The ideal depth to work in is about 12 to 15 feet, he said, though they sometimes go as far down as 40 feet when they find a particularly good vein. The pressure of the deeper water tires them out faster, and if they have to surface quickly, there is that much further to go. The muddy water has no visibility, causing the divers to work in pitch blackness.
“We wear the knee pads and tennis shoes to protect us when we’re crawling around on the bottom,” Lessard said. “We can’t see anything, and we have to feel around for the clams.”

 

Their cigarettes were down to butts, so the divers started putting on all their gear. Kramer hoisted up a weight belt, and Lessard shrugged his way into it.

“It takes 35 pounds of lead to hold us on the bottom in this current,” Lessard said. “There’s no problem getting down there, but getting back up is something else!”

The clams were put into a sawed-off, 50-gallon steel barrel with hooks welded on to attach it to the rope.
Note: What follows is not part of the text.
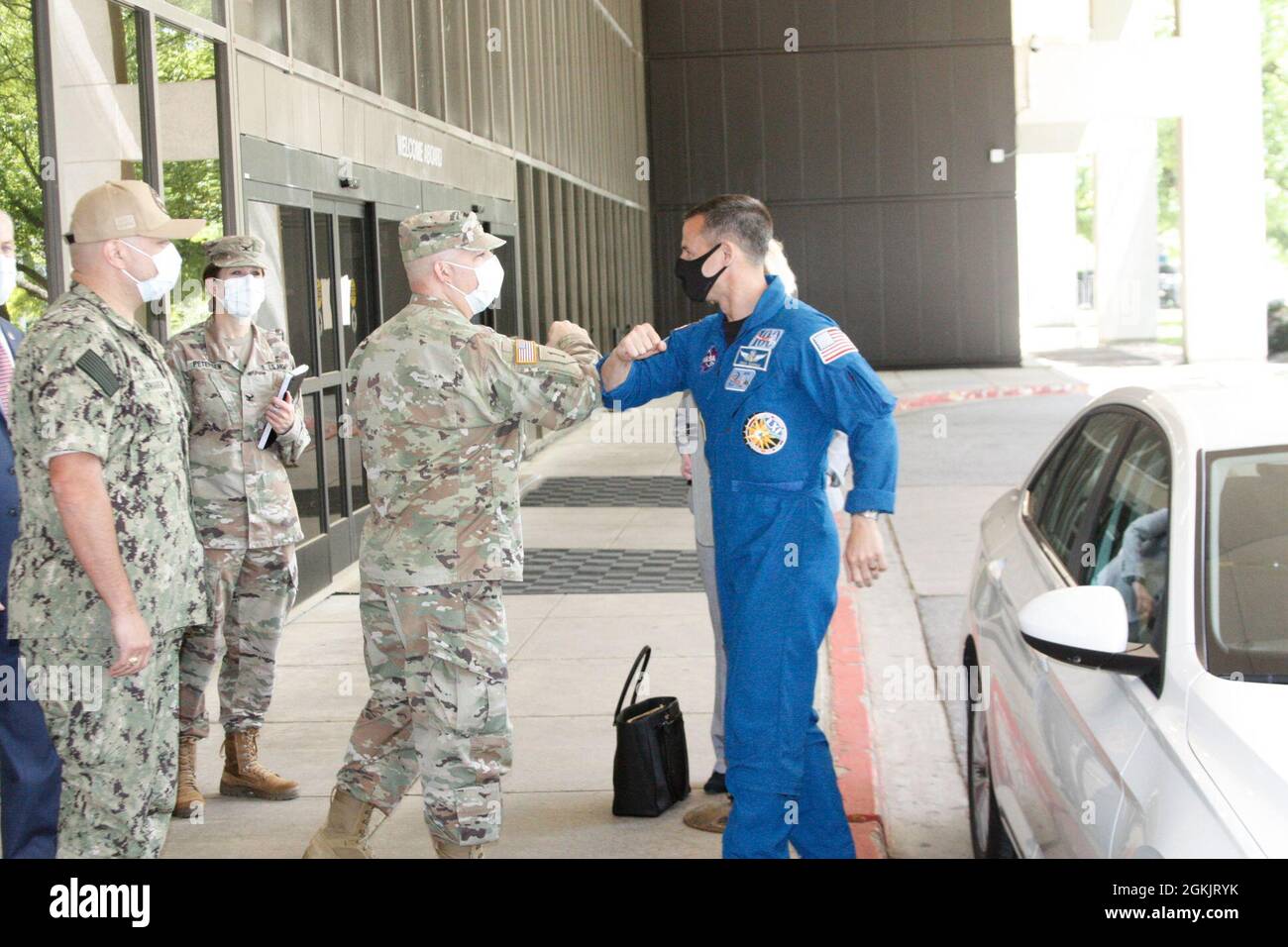 Army Col. (Dr.) Andrew Barr, director of Walter Reed National Military Medical Center (WRNMMC) welcomes NASA astronaut Andrew Morgan back to WRNMMC May 6, where Morgan did some of his medical training as a student at the Uniformed Services University of the Health Sciences. Stock Photo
When it was filled, the divers would surface and unload it.

“If we get into trouble down there, Tod hauls us up by the ropes attached to the air hoses,” Lessard said.
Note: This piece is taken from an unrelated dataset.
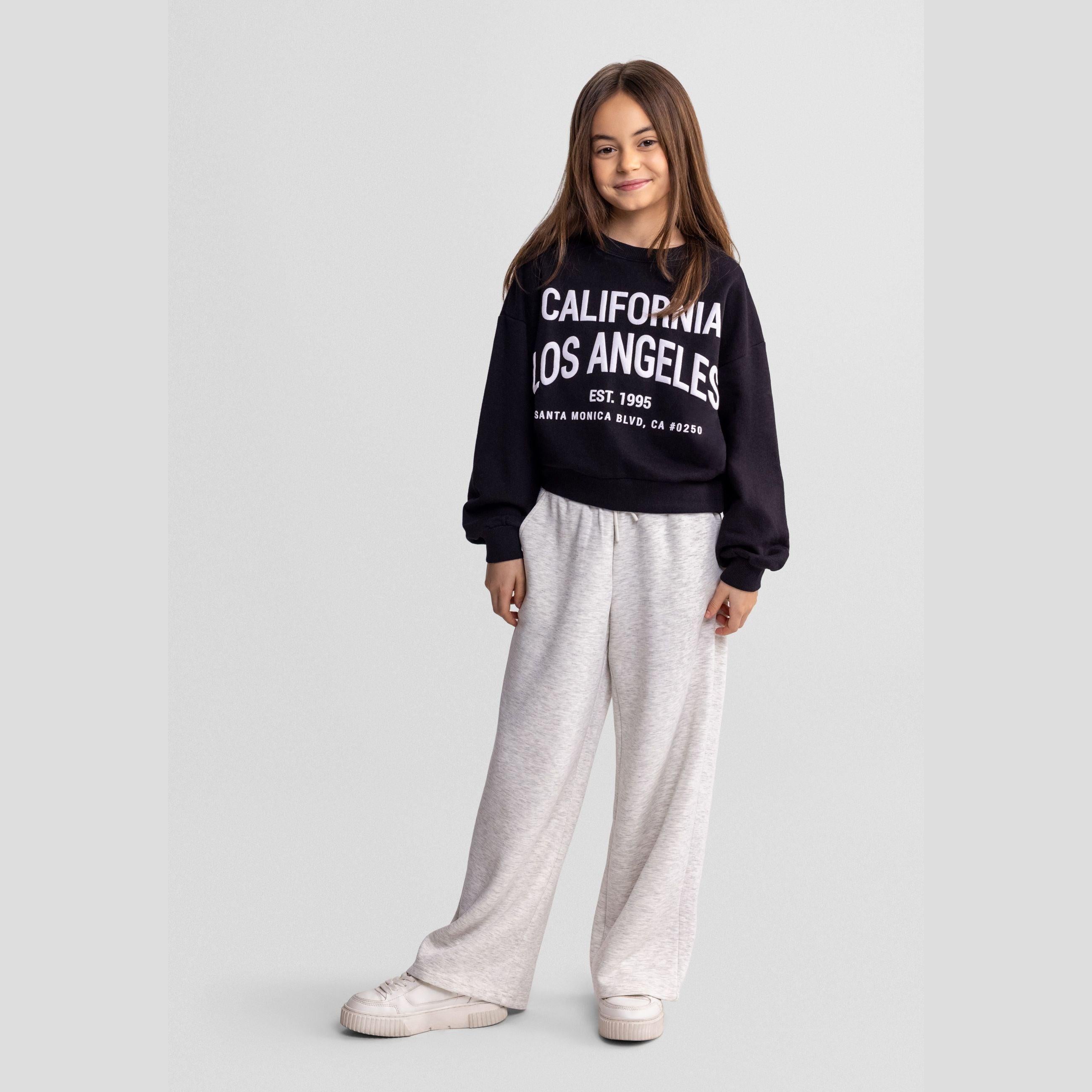 Young girl wearing wide leg mottled grey joggers with navy California Los Angeles sweatshirt, standing against light grey background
The barrel was tossed overboard and divers followed. While the divers are underwater, Kramer keeps one eye on the air compressor and one eye on the bubbles that mark the diverse locations. There is no elaborate signaling system – if the bubbles act funny, Kramer hauls on the rope. He also sizes the clams, throwing the smaller ones overboard. I waited for about 20 minutes until Stram and Lessard filled the barrel and came up for another breather.
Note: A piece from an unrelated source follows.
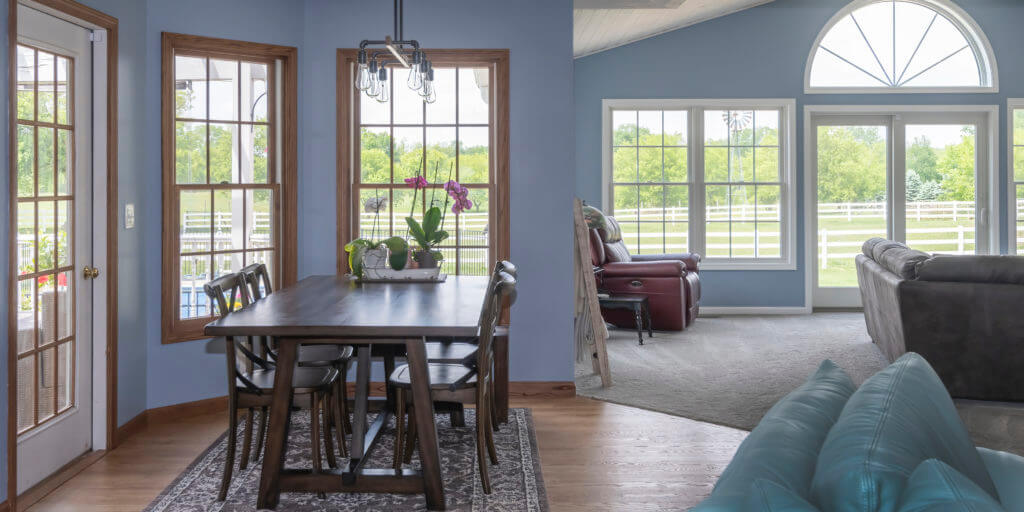open dining and family room addition with large windows by Odd Fellows Contracting in Williamston MI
On a good day, they’d harvest about 5,000 pounds, which would fill the boat to the gunnels. By the time they sold the meat and the shells, they would have made a pretty good day’s pay.
I asked them about the big catfish story that is told at every lock and dam, and if they thought there was any truth to it. (I heard that story all the way down the river. At the lock-­and-dam or bridge just down the river, the story goes, divers had had to go down and repair something. They found catfish laying on the bottom as big as sharks. The divers all emerged shaken, and swore they would never go down there again.)

Stram and Lessard looked at each other and grinned.

“We never know what we’ll run into down there. We’ve found shotguns, anchors, junk – that sort of thing. Never found anything valuable except the clams,” Lessard commented. “As far as a catfish as big as a shark or a whale, well, I don’t know anything about that!”

The inherent danger was just part of the job. Personally, the thought of picking clams up clams, in pitch darkness, in the river current on the river bottom gave me claustrophobia.

“I suppose it could be dangerous if you weren’t careful,” Lessard said. “The big disadvantage, though, is that I feel like a prune after being in the water all day!”

I laughed and shoved off for downstream.  I never got bored on the river!